## TO DO
Ignoring every picture, transcribe the data in full as it stands.

[[ DATASET RECORDS open ]]

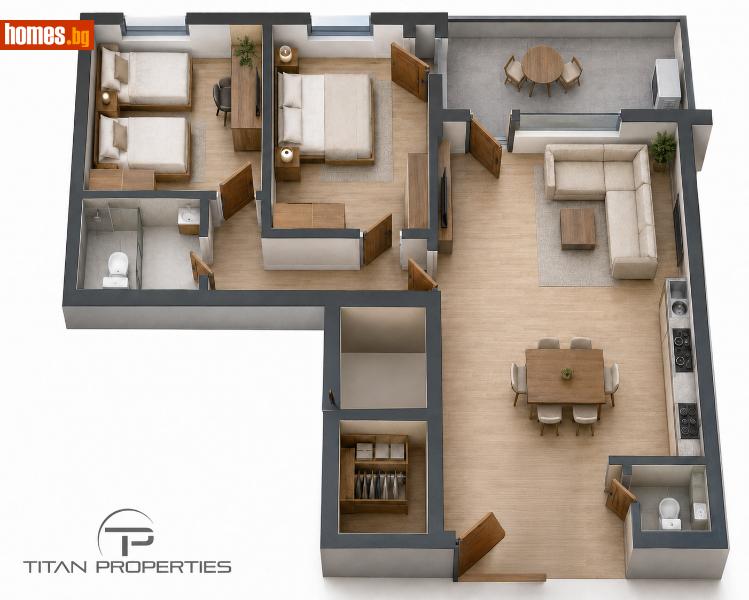 Тристаен, 113m² - Жк. Славейков, Бургас - Апартамент за продажба - ТИТАН ПРОПЪРТИС - гр.Бургас - 120243239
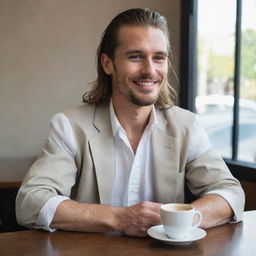 A handsome man with long hair tied back, sitting at a table for two, with two cups of coffee in front of him. He has tears in his eyes but a smile on his face.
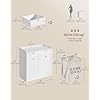 VASAGLE Bathroom Cabinet with Laundry Baskets, Bathroom Storage Unit with 2 Drawer and 2 Laundry Hampers, Removable Laundry Baskets with Handles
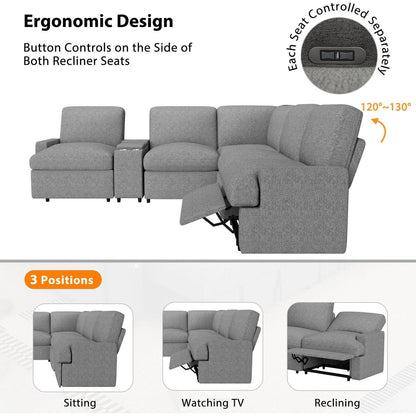 104" Power Recliner Corner Sofa Home Theater Reclining Sofa Sectional Couches with Storage Box, Cup Holders, USB Ports and Power Socket for Living Room, Grey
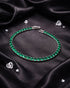 Silver Plated Green CZ Tennis Wraparound Bracelet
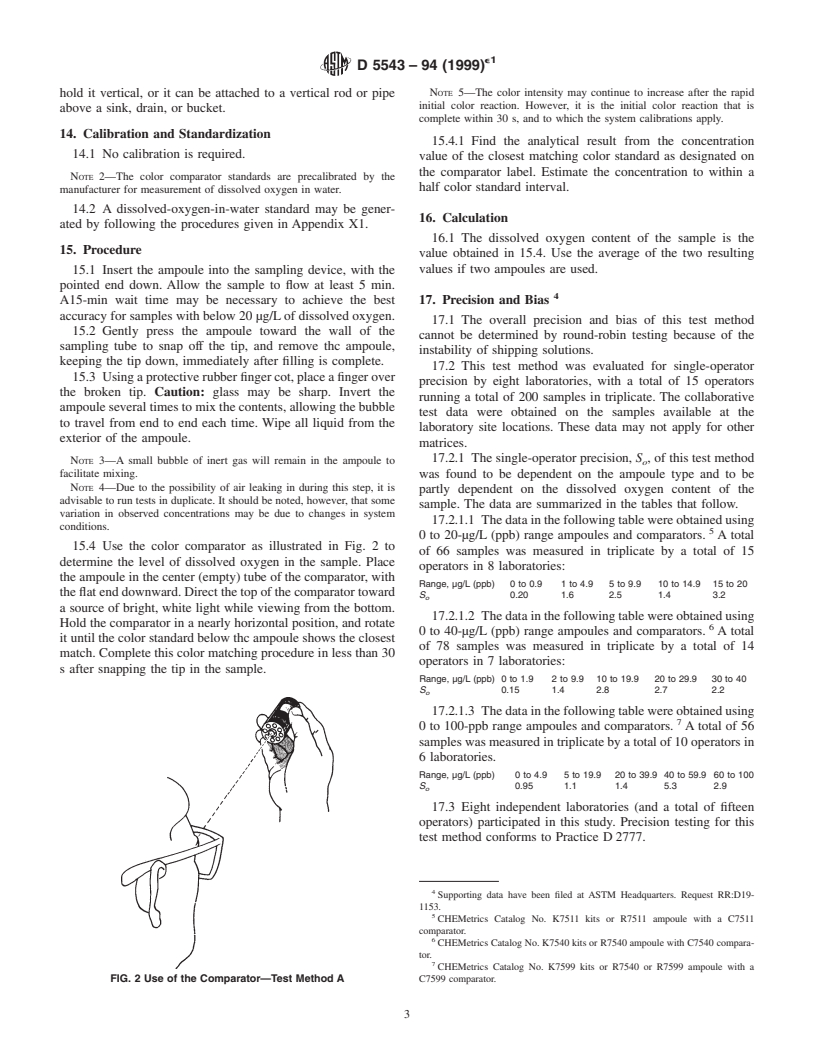 ASTM D5543-94(1999)e1 - Standard Test Methods for Low-Level Dissolved Oxygen in Water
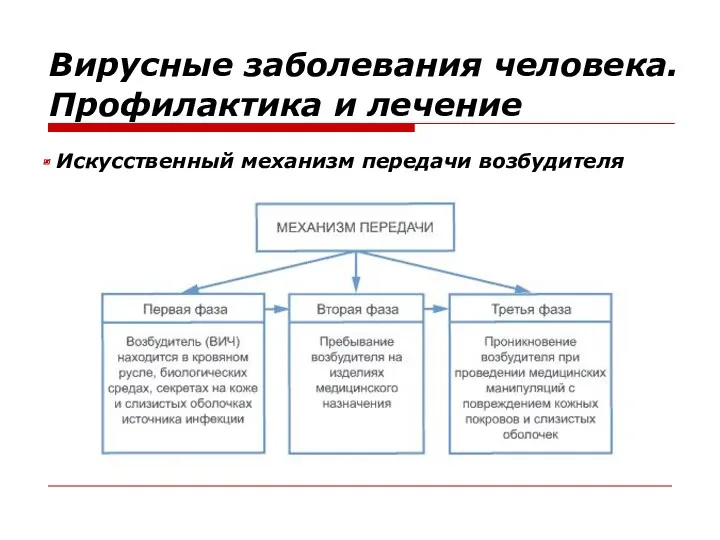 Вирусные заболевания человека. Профилактика и лечение Искусственный механизм передачи возбудителя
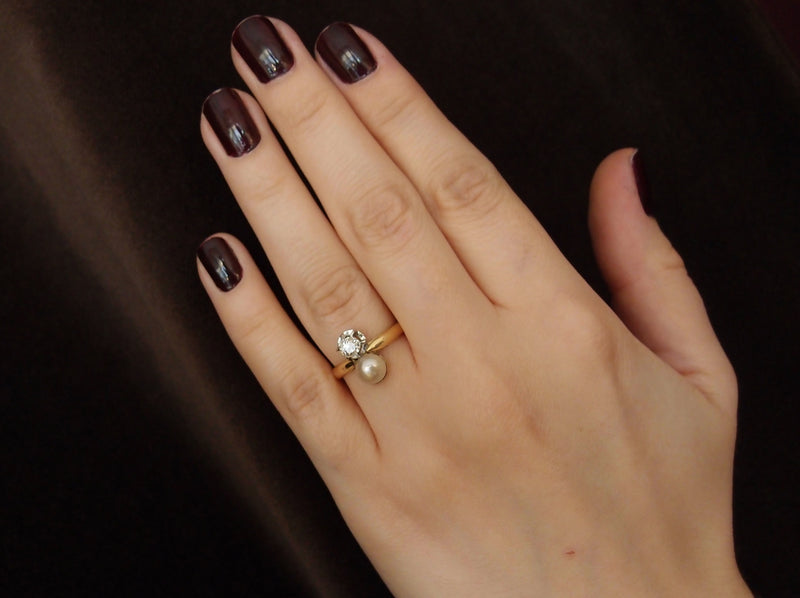 Bague toi et moi Diamant et perle Mabé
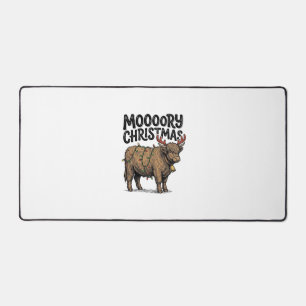 Alfrombrillas De Escritorio Navidad Moooory Vaca Highland Grabado Vintage T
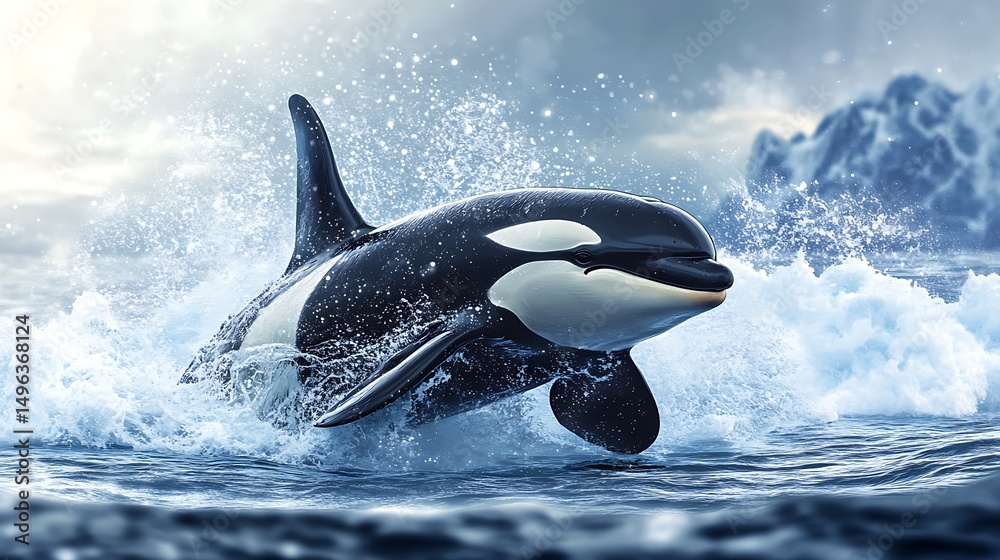 Fototapeta premium Orca leaping out of the water.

[[ DATASET RECORDS closed ]]

## ANSWER
 Тристаен, 113m² - Жк. Славейков, Бургас - Апартамент за продажба - ТИТАН ПРОПЪРТИС - гр.Бургас - 120243239
 A handsome man with long hair tied back, sitting at a table for two, with two cups of coffee in front of him. He has tears in his eyes but a smile on his face.
 VASAGLE Bathroom Cabinet with Laundry Baskets, Bathroom Storage Unit with 2 Drawer and 2 Laundry Hampers, Removable Laundry Baskets with Handles
 104" Power Recliner Corner Sofa Home Theater Reclining Sofa Sectional Couches with Storage Box, Cup Holders, USB Ports and Power Socket for Living Room, Grey
 Silver Plated Green CZ Tennis Wraparound Bracelet
 ASTM D5543-94(1999)e1 - Standard Test Methods for Low-Level Dissolved Oxygen in Water
 Вирусные заболевания человека. Профилактика и лечение Искусственный механизм передачи возбудителя
 Bague toi et moi Diamant et perle Mabé
 Alfrombrillas De Escritorio Navidad Moooory Vaca Highland Grabado Vintage T
 Fototapeta premium Orca leaping out of the water.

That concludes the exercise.